Topics and Show Notes
We've linked to the video where you can hear the full quote from Scorsese in its proper context. It was an industry focused discussion about his latest project “The Irishman” and the challenges involved in getting it produced and promoted. He was asked about the future of movie-making and the platforms for movies and narrative cinematic storytelling. In the conversation, as an aside he mentioned what he thought of as “cinema”: something that is a defined, encapsulated, curated narrative experience is what he seemed to mean, as opposed to a long form TV series where the audience chooses how many episodes they watch at a time (his example), so the experience of the overall story isn't as fully guided by the creator. It was in exactly THIS context that he mentioned Marvel films, thinking of them more as an experience, like a “theme park”- NOT that they are facile and lessor things than a traditional movie, more that it's not really a contained story that's offered but more of an immersive world that you visit. I don't entirely agree but I can see his viewpoint and it's valid.
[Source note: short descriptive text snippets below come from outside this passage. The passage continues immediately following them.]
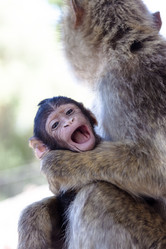 Similar image 8456496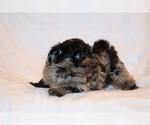 Small #8 Yorkiepoo mix (+ Poodle Toy)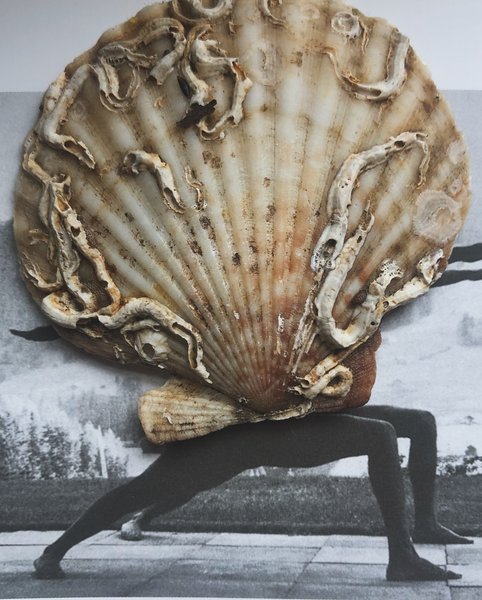 Thumbnail of p-dirsim1t55w-80c5a11aa1774db5 3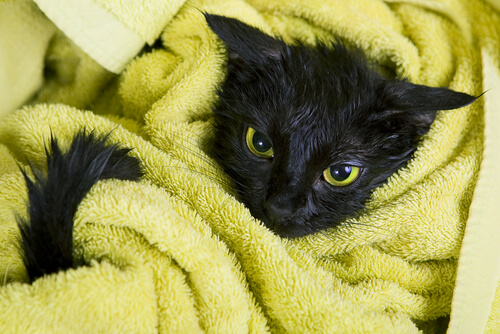 black kitten wrapped in towel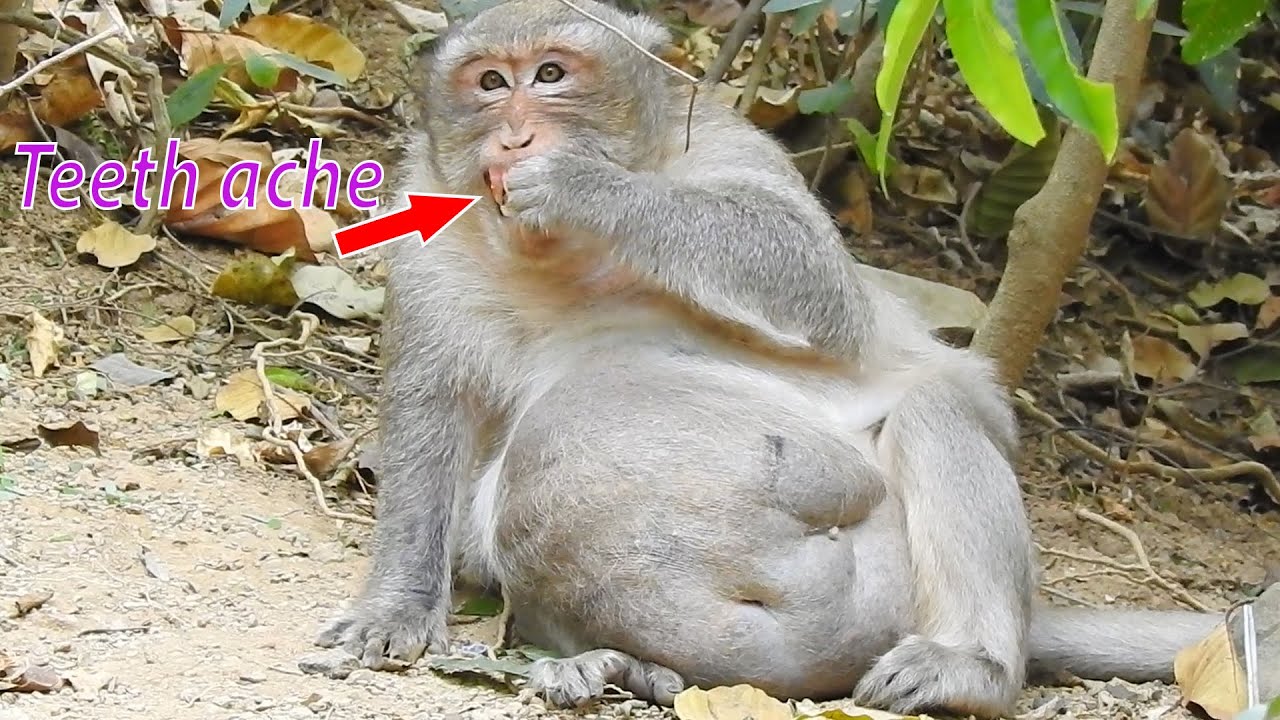 Mr.Charlie eats hart food until teeth ache , Fat Charlie hungry eat favorite food look delicious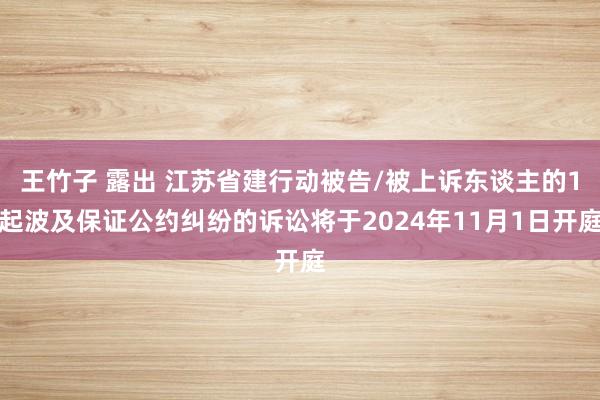 王竹子 露出 江苏省建行动被告/被上诉东谈主的1起波及保证公约纠纷的诉讼将于2024年11月1日开庭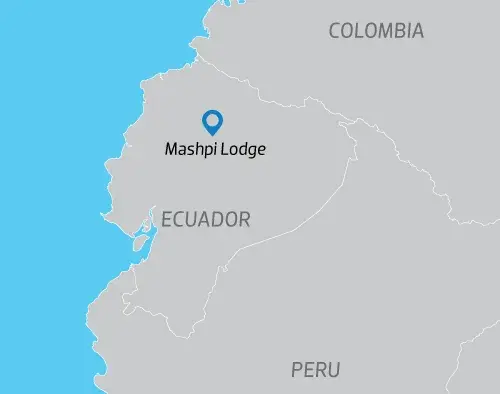 Mashpi Cloud Forest Lodge Extension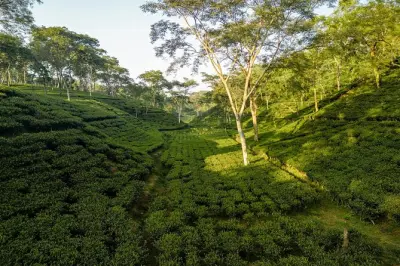 De Bagdogra a Darjeeling con paseo a caballo en lago Mirik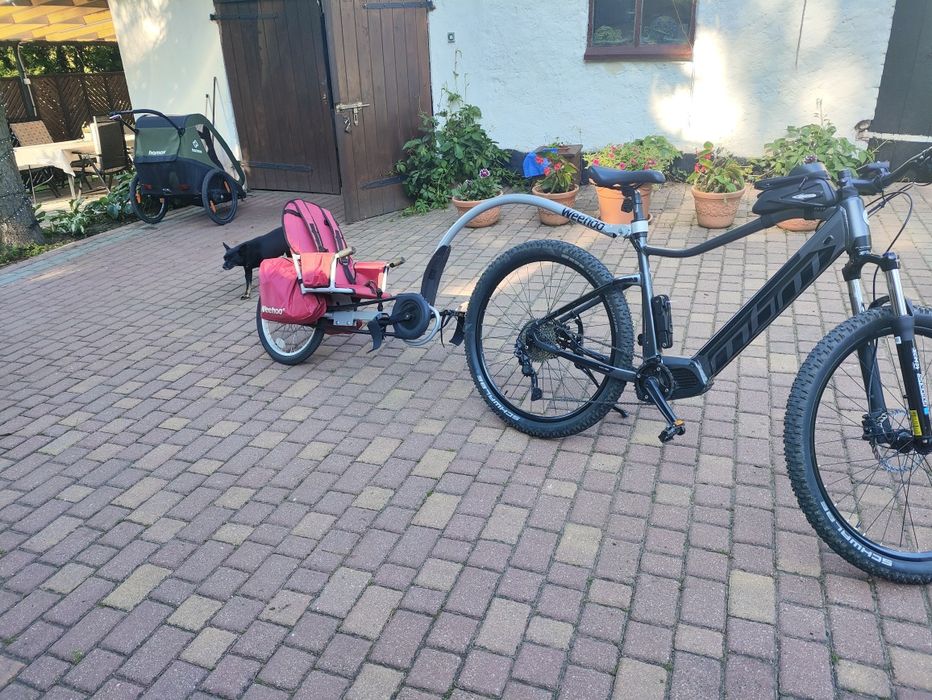 Weehoo przyczepka rowerowa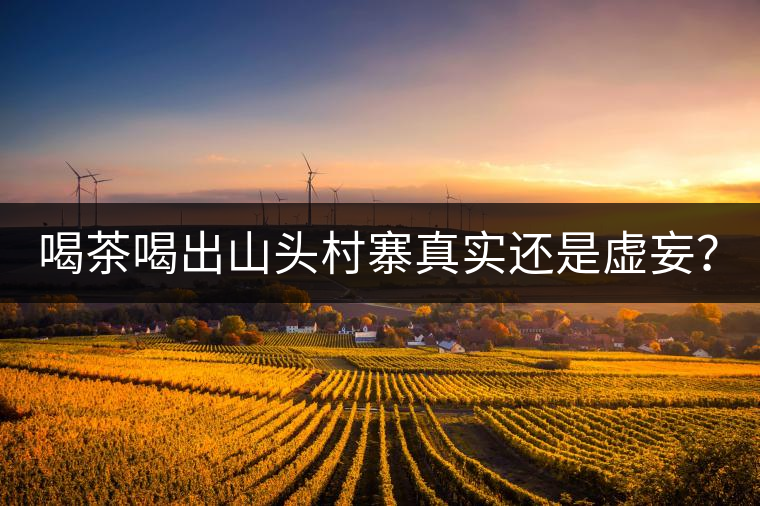 喝茶喝出山頭村寨真實還是虛妄？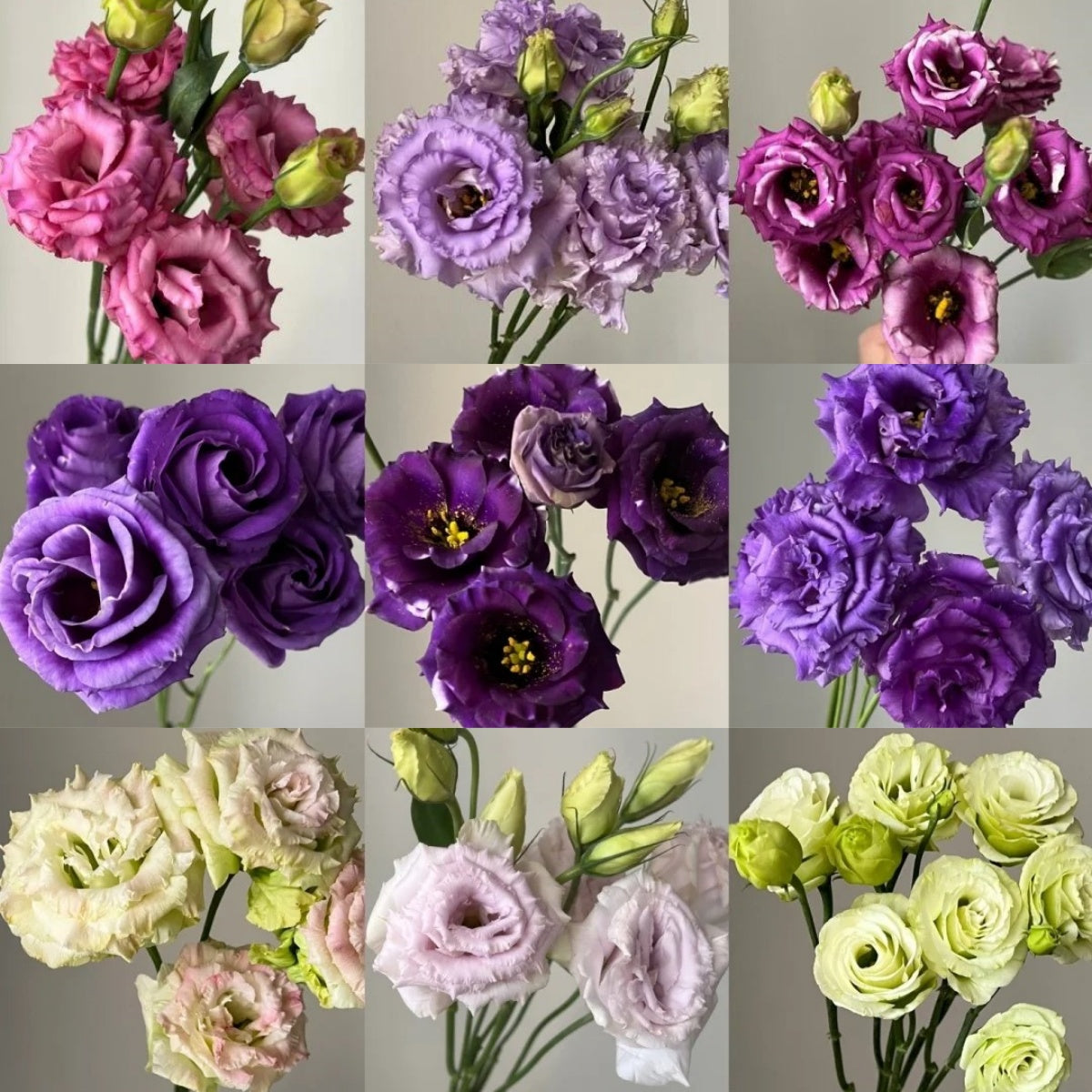 🌼LETZTER TAG DES VERKAUFS - 50 % RABATT - Bezaubernder Duft! 🌈 Gemischte Lisianthus-Samen-Gruppe.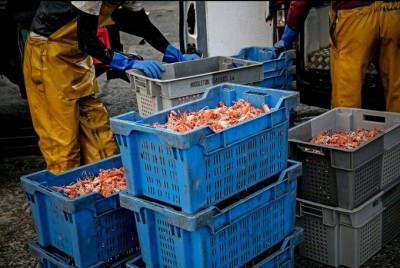'Scottish seafood businesses only have weeks to survive due to EU export delays'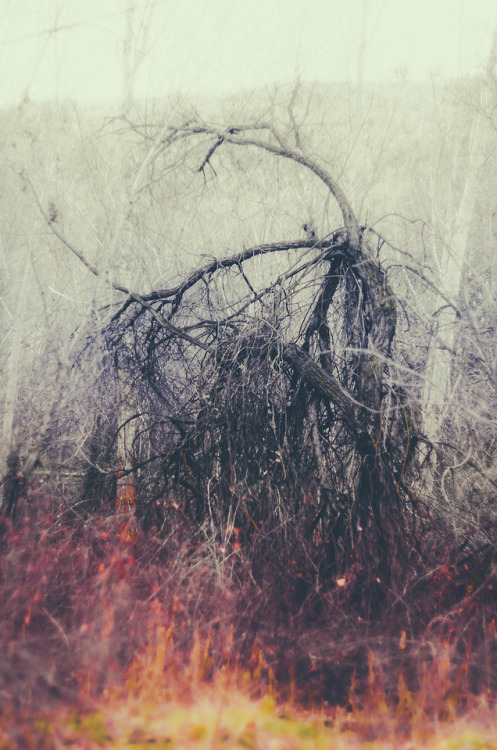 dissonantdays:and god will watch it burn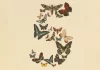 Anthropic anuncia el lanzamiento de Claude Fable 5 y Mythos 5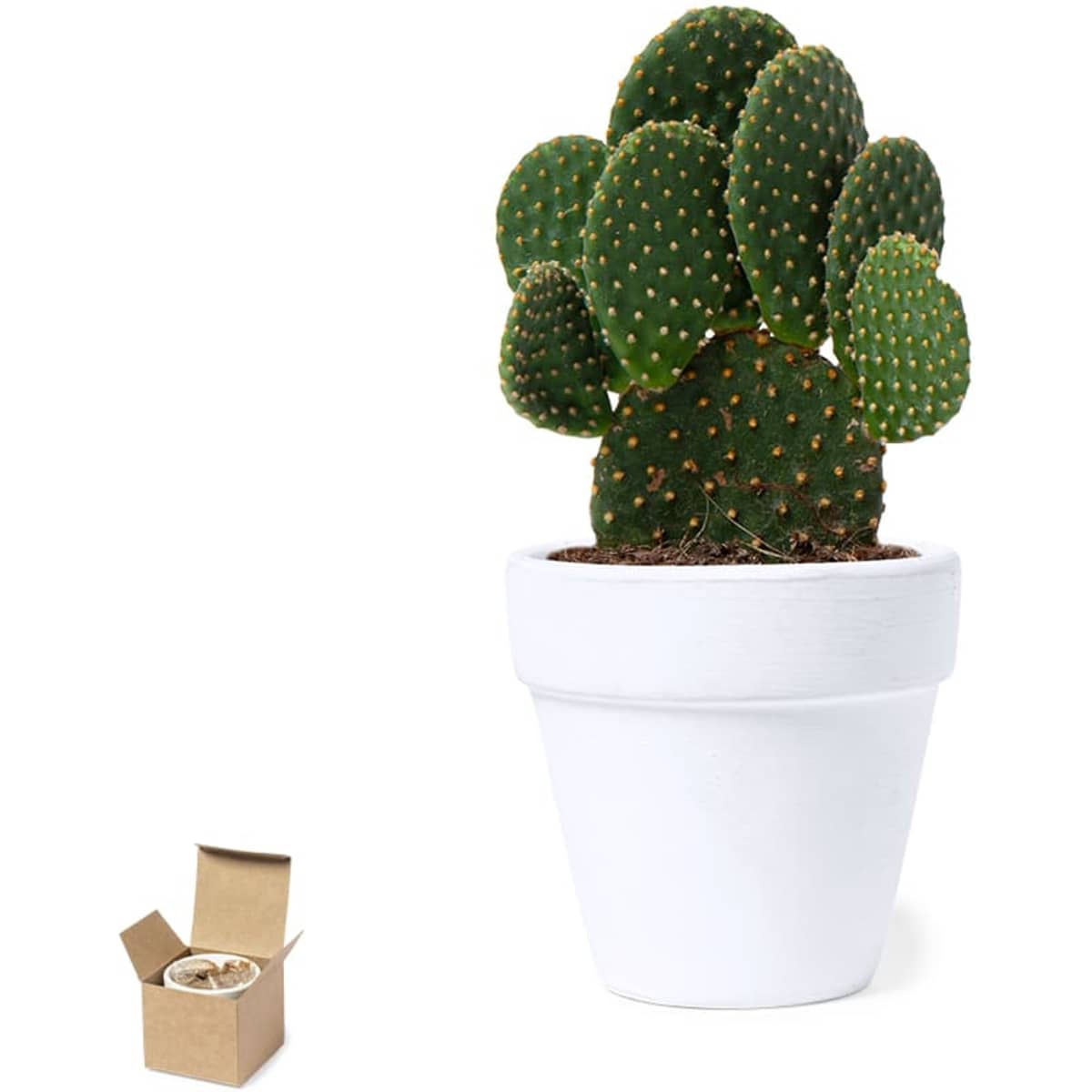 A green cactus in a white pot with a small box beside it, partially open, displaying additional contents.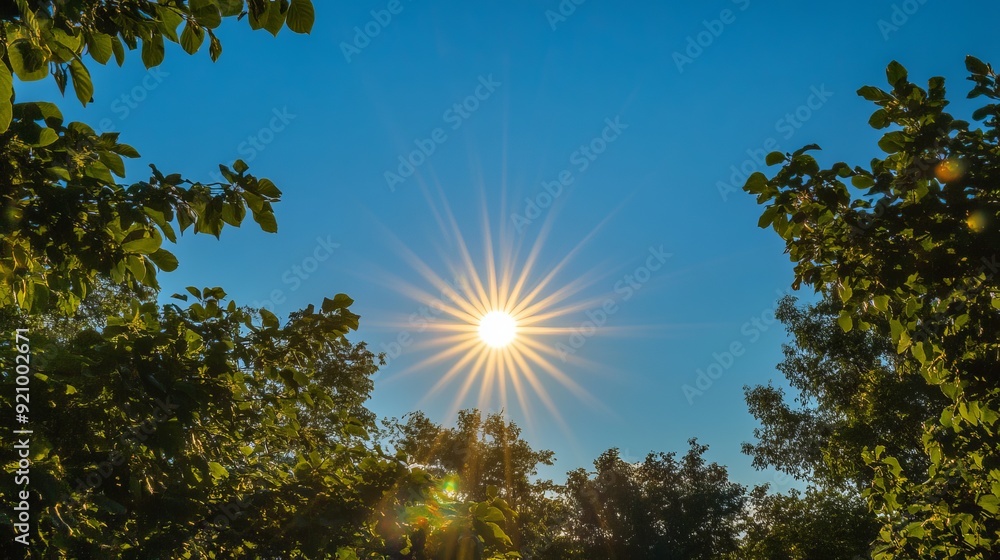 Fototapeta premium sun shining through trees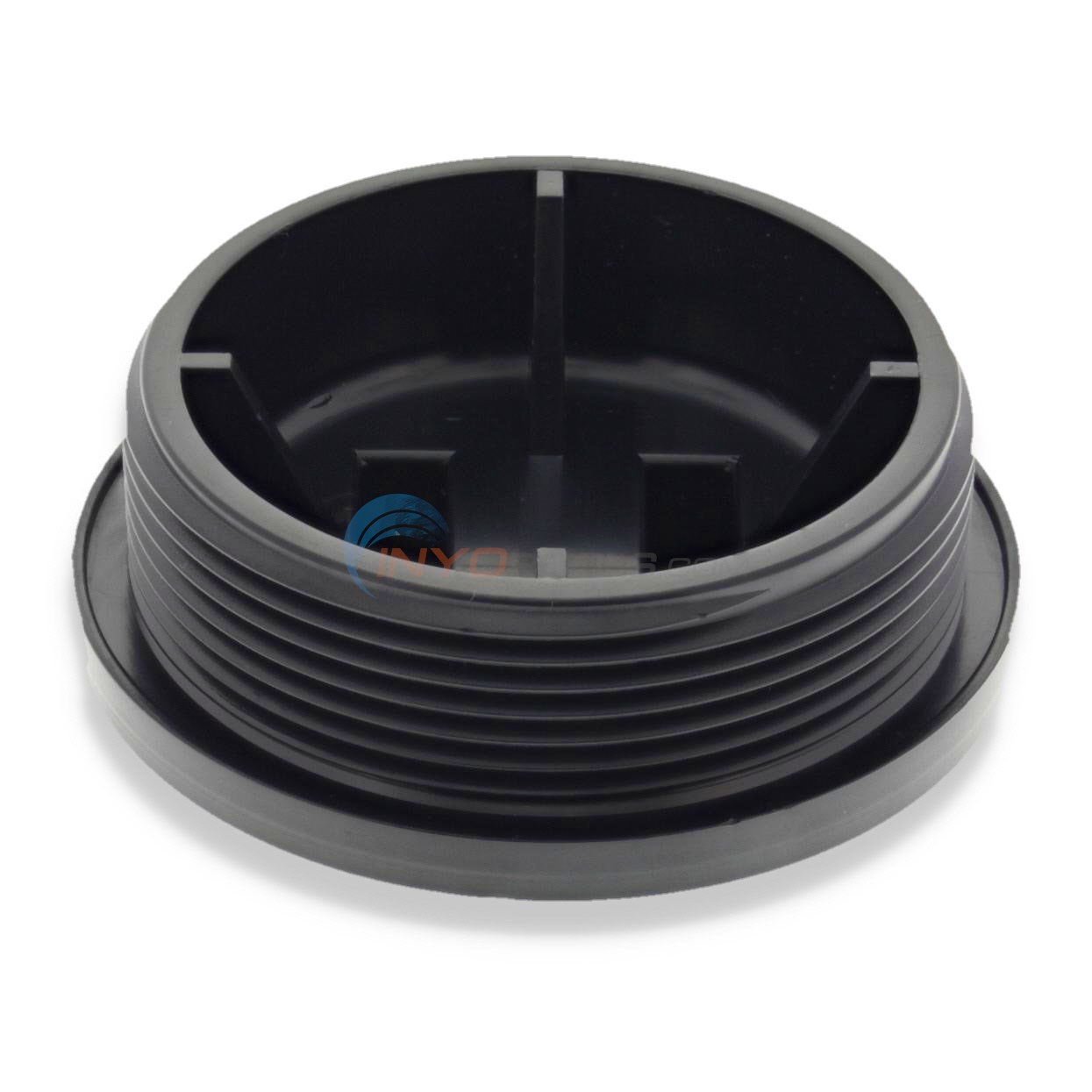 Pentair Plug, 2" Npsm (195829)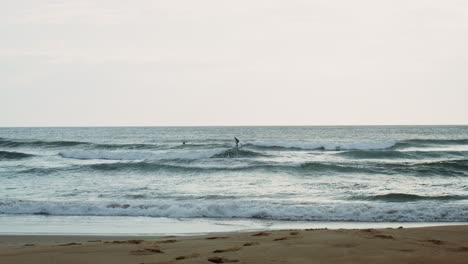 surfer on a wave at the beach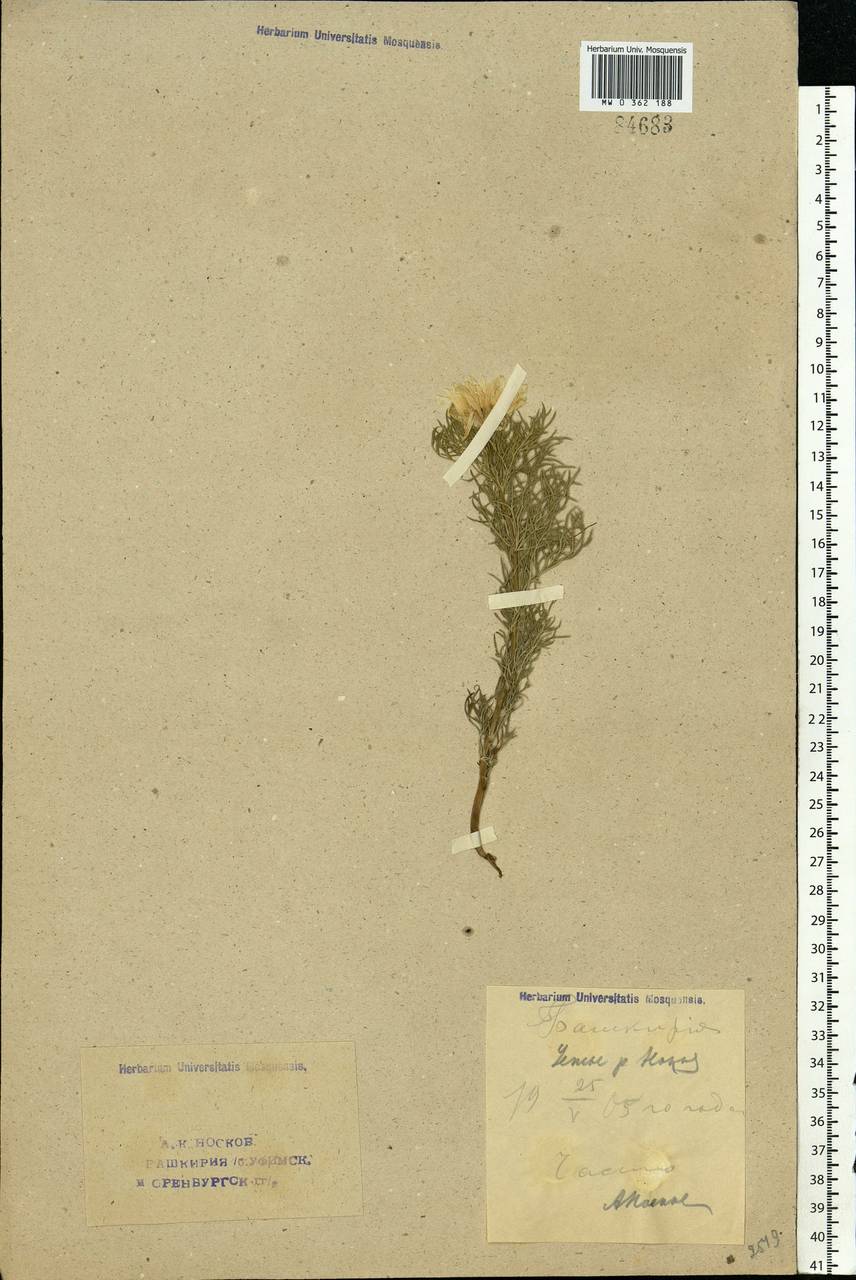 Adonis volgensis DC., Eastern Europe, Eastern region (E10) (Russia)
We are all emotionally connected and invested in the Marvel films so we mistakenly took his remarks too personally and out of context, turning it into a very stupid old vs young argument that it never was. It seems it was in the spirit of this that Francis Ford Coppola waded in and offered his rhetorical firebrand defence to his good friend, using a value judgement and actually calling Marvel films “despicable”. This was again blown up into something huge and headline grabbing. It really was a stupid thing to say, but in the context of defending a friend that was wrongly attacked it becomes more forgiveable, especially since its obviously just rhetoric and not a considered, thought out, personal viewpoint. We can't forget that both men know cinema inside and out and helped create the modern blockbuster film industry of which Marvel is a part. They started out with Lucas and Spielberg. They don't deserve to be ignored, the targets of childish Ad hominems, or casually dismissed because they're not big fans of the same things we are.
We on the Quackcast are huge fans of the Marvel films and all forms of storytelling.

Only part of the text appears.